Deborah Magdalena [cast member]:It’s sad that someone didn’t really allow for that to come to fruition. If it had, not only would it have changed all of our lives, but…humor is a place of healing, and people need to go somewhere sometimes just to disconnect from the world. So it wasn’t just about him messing with the money and all that. He messed up something that was so rare, so new, something that’s never been done again still to this day. So shame on him for that.
Wayne Page [co-producer / head writer]: What we did was a miracle. Doing five shows a week on the small budget that we had… It was amazing. Truly. And even though we only did 63 episodes, we could’ve done 500 or more. It was such an incredible TV series. So funny. Just a great team we assembled of talented writers, performers and crew across the board. Everybody was rooting for everybody on the show. Everybody wanted it to be funny. Even though there is always competition for writers to get their sketches in each episode, I really remember it as super collaborative, that everybody was a fan of each other. And that’s what I really think made it wonderful. Everybody that I worked with—not only Michael Wilson, Tony Morina, Kim Dawson, Jim Moroney, Richie Wirth, Richie Namm, Kent Weed on the pilot, and all the writers and cast members… but everybody who was in production and post-production… from control room and stage crew, camera and audio operators, lighting, editors, graphics, art department—designing and building sets, props, set dressing, wardrobe, make-up, music, and our amazing speed-writing cue card crew! I have such heartfelt gratitude to all of them for being a part of something that everyone said “could never be done,” and yet that we did flawlessly.

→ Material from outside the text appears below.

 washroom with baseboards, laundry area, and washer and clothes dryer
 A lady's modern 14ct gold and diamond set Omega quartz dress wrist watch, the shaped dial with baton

Michael Wilson [creator]: It was just an immense saturation of talent, to be honest with you, and I still look back to it as a very fond experience. It didn’t have the success I thought it should, and we had to find ways to do it so inexpensively. There are things I could’ve done if you weren’t just trying to chop this stuff out and get it done, get it edited, and on the air. It truly was a miracle of birth, to be honest with you, that it’s held up as well as it has. I mean, I haven’t watched some of it in awhile, but there are sketches in that mix that I still think are some of the best, that still hold up today.